→ **TASK INSTRUCTIONS**
Exercise in exact copying: restate word for word only the lines below from the one containing "Cute Pineapple on White Case for iPhone®" through the one containing "Burberry Check Sleeve", omitting any pictures.

→ **THE DATA**
Content starts

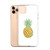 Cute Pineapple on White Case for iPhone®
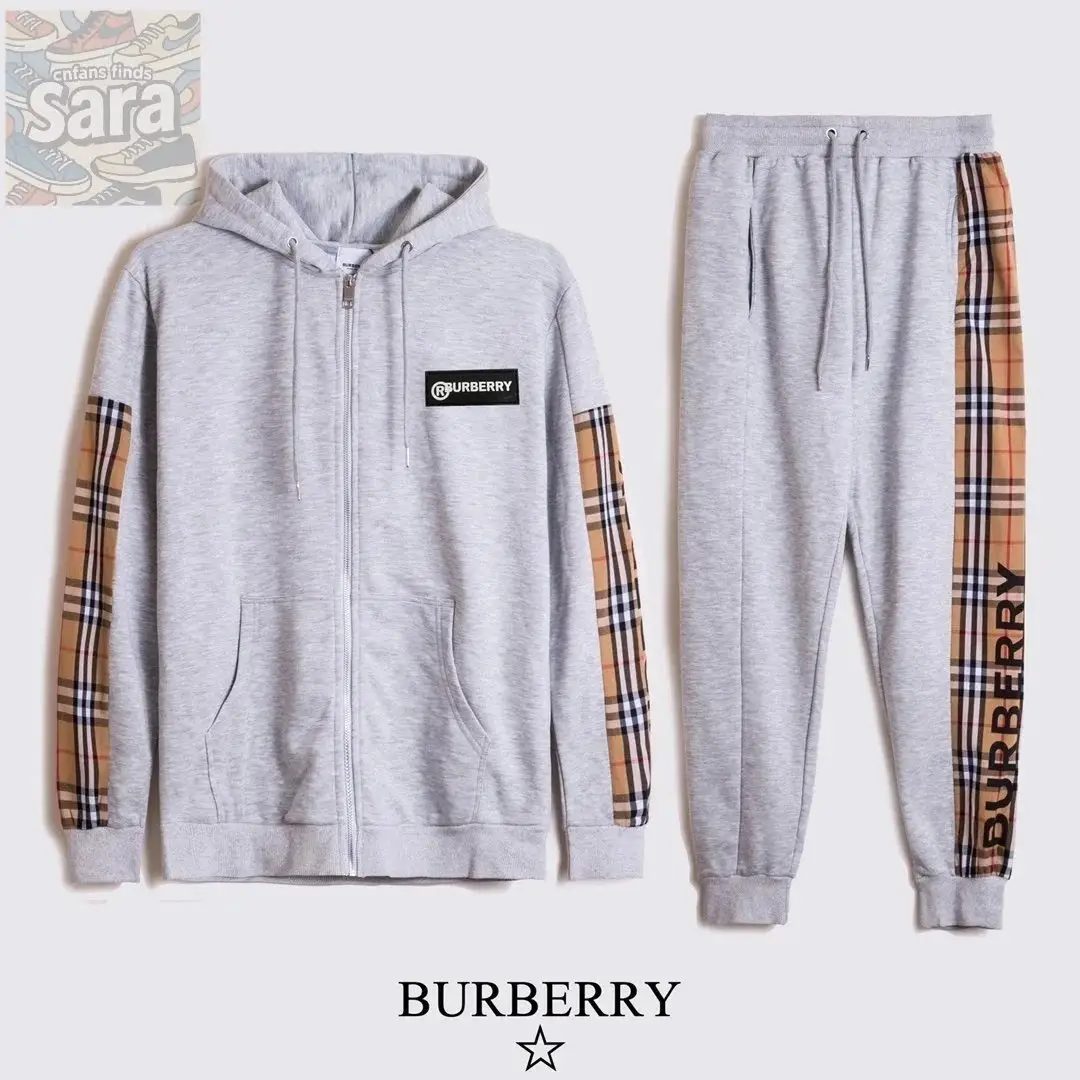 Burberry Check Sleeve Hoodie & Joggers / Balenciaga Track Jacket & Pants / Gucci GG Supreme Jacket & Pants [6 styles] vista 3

Content ends
Content starts

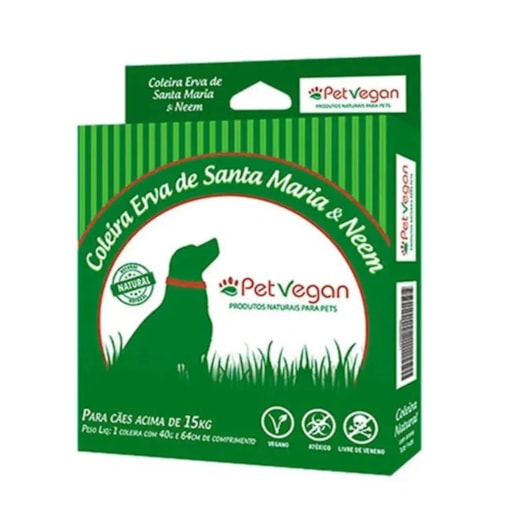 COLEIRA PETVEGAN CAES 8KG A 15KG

Content ends
Content starts

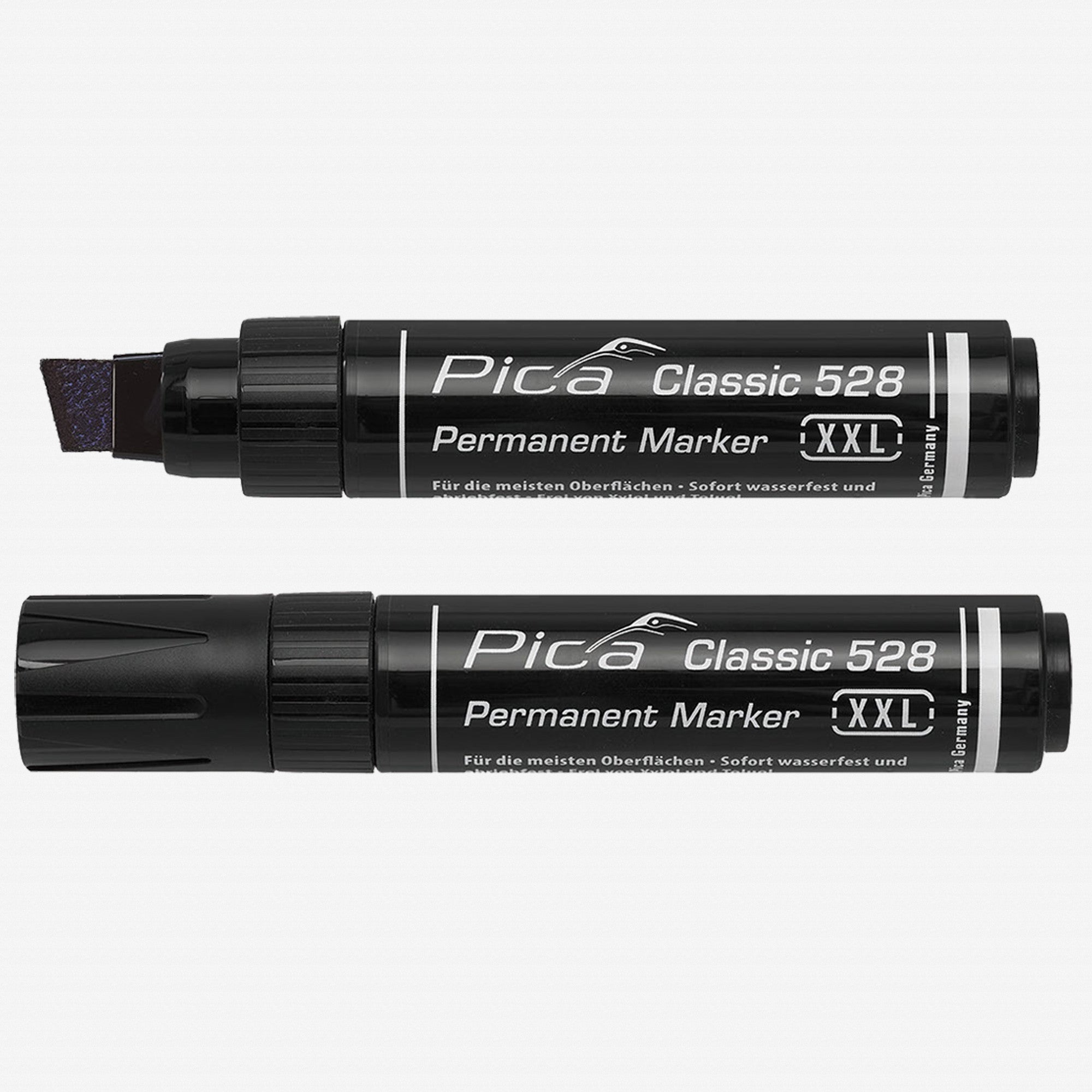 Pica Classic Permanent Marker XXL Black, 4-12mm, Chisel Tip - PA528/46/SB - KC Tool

Content ends

→ **EXERCISE SOLUTION**
 Cute Pineapple on White Case for iPhone®
 Burberry Check Sleeve Hoodie & Joggers / Balenciaga Track Jacket & Pants / Gucci GG Supreme Jacket & Pants [6 styles] vista 3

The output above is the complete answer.